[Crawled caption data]

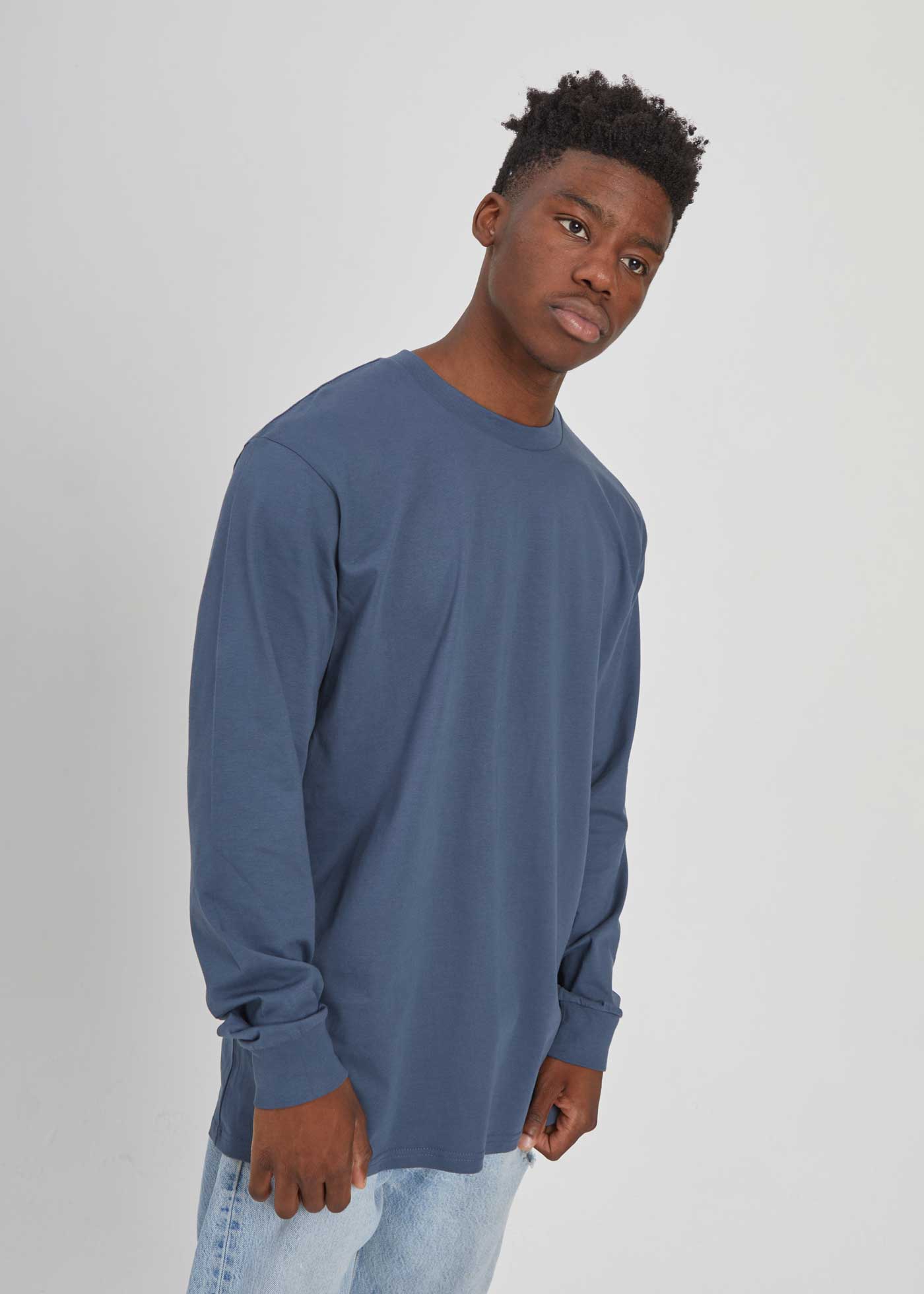 Men's Slate Blue Heavyweight Long Sleeve T-Shirt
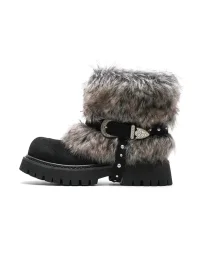 Mule Donkey | Plush-Lined Platform Ankle Snow Boots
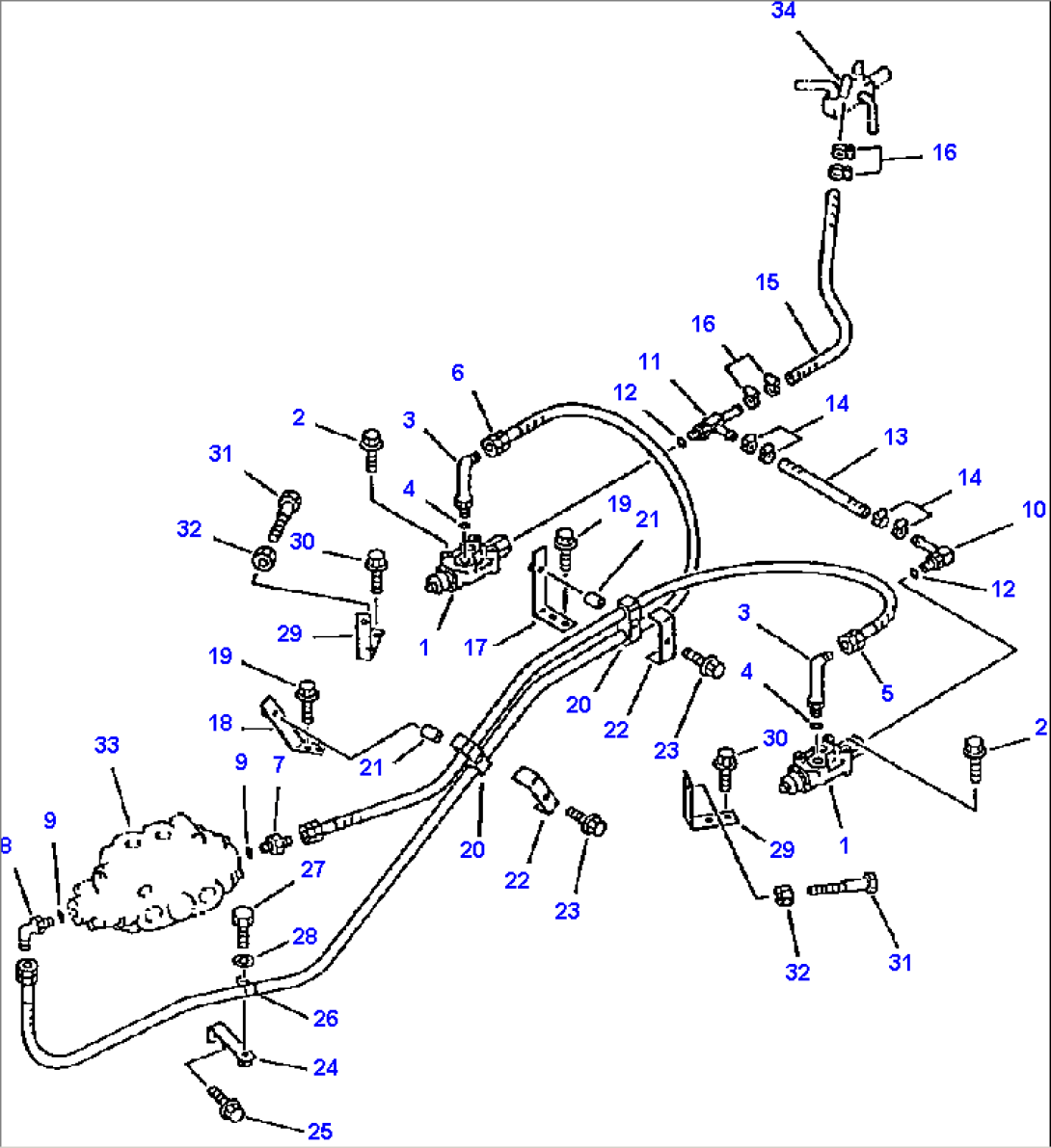 FIG NO. 4304 STEERING PIPING STEERING DEMAND VALVE TO STOP VALVE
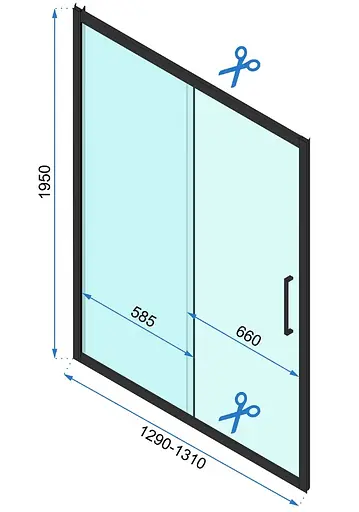Душова кабіна Rea Rapid Slide 80x130 black REA-K6421 + REA-K6403, Чорний матовий, Універсальна, прозорий - фото 6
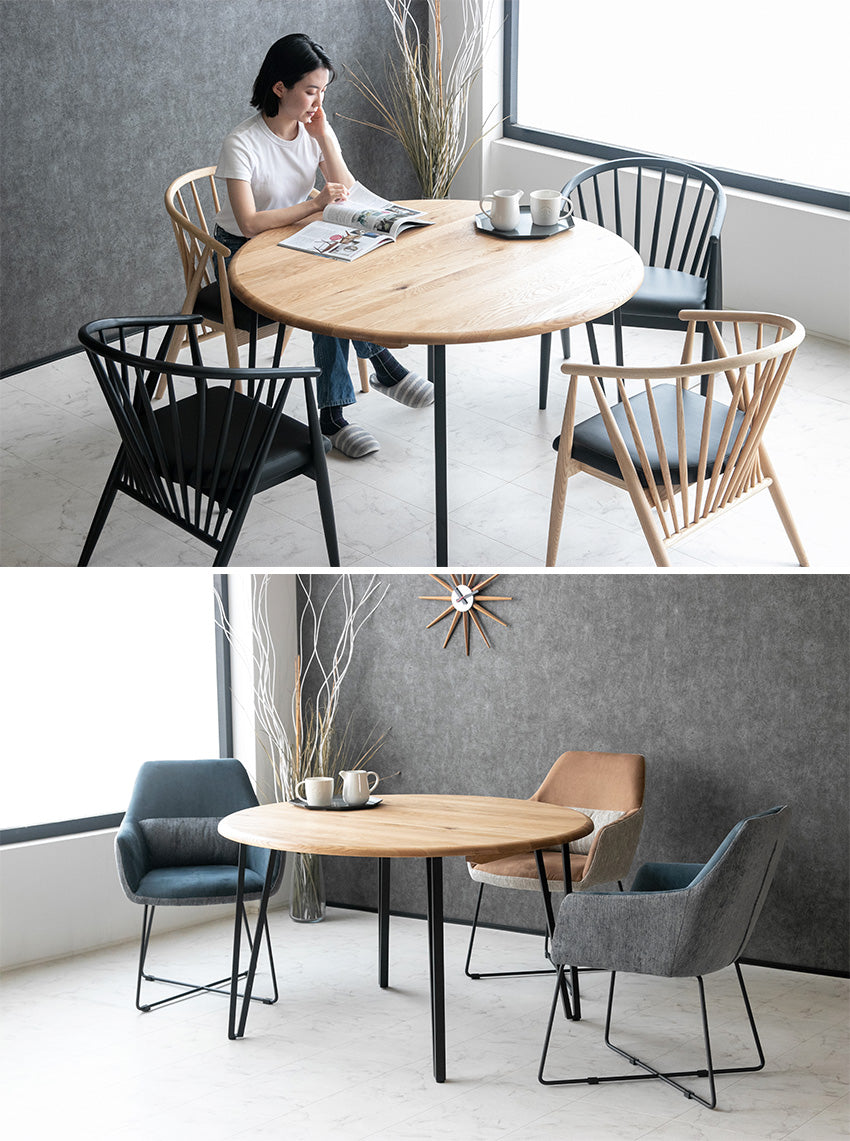 lushroom ダイニングテーブル 4人掛け 天然木 無垢 オーク 横ハギ材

• What you have to do: Set down all the data again exactly as above, pictures excluded.

• Response area:
 Men's Slate Blue Heavyweight Long Sleeve T-Shirt
 Mule Donkey | Plush-Lined Platform Ankle Snow Boots
 FIG NO. 4304 STEERING PIPING STEERING DEMAND VALVE TO STOP VALVE
Душова кабіна Rea Rapid Slide 80x130 black REA-K6421 + REA-K6403, Чорний матовий, Універсальна, прозорий - фото 6
 lushroom ダイニングテーブル 4人掛け 天然木 無垢 オーク 横ハギ材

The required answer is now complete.